IDC’s estimate is pretty close. It reckons worldwide server sales in Q1 fell 4.6 percent from the year before. But its dollar estimate for Q1 server sales worldwide is $11.8 billion, or $700 million lower than Gartner’s figure.
Unit shipments also fell. Gartner estimates that 2.6 million servers were shipped worldwide in this year’s first quarter, compared with 2.7 million in the year-earlier quarter. That’s a decline of 4.2 percent.
Gartner and IDC also agree on the ranking of the top vendors. By revenue, the worldwide leader in Q1:17 was HPE, with a 24 percent market share. It was followed in order by Dell EMC, Cisco, IBM and Lenovo.
So what’s making the server market weak?
According to Gartner, both the enterprise and SMB markets “remain constrained” due to users moving to virtualization and the cloud. No surprise there.
IDC, meanwhile, says most hyperscale service providers are waiting until the second half of this year for deployment of Intel’s new 7th gen Skylake processors for servers.

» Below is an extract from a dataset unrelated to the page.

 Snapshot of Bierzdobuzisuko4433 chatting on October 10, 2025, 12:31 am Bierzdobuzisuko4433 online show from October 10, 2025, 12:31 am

IDC also believes the server market has been hurt by the DRAM shortage, which is driving up memory prices.
Intel’s server growth
Speaking of Intel, the company’s 2016-2017 IT Annual Performance Report, issued last week, shows the company bucking the general trend and increasing its own use of servers dramatically. Intel’s 58 data centers worldwide now operate some 185,000 servers, more than double the roughly 84,000 servers they ran in 2014.
Intel’s report also says the company is deploying software-defined infrastructure and cloud-based technologies, as well as increasing data-center density.
Two years ago, Intel retrofitted an unused fab factory space, creating 2 ultra-high-efficiency data centers. These facilities now have the industry’s highest compute density, Intel says: 280 Xeon processor-based nodes in each 60-unit rack. They also have an excellent power-usage effectiveness (PUE) ratio of 1.06.
How about you? Are you feeling the server crunch? Or finding growth by helping data-center customers get more productive?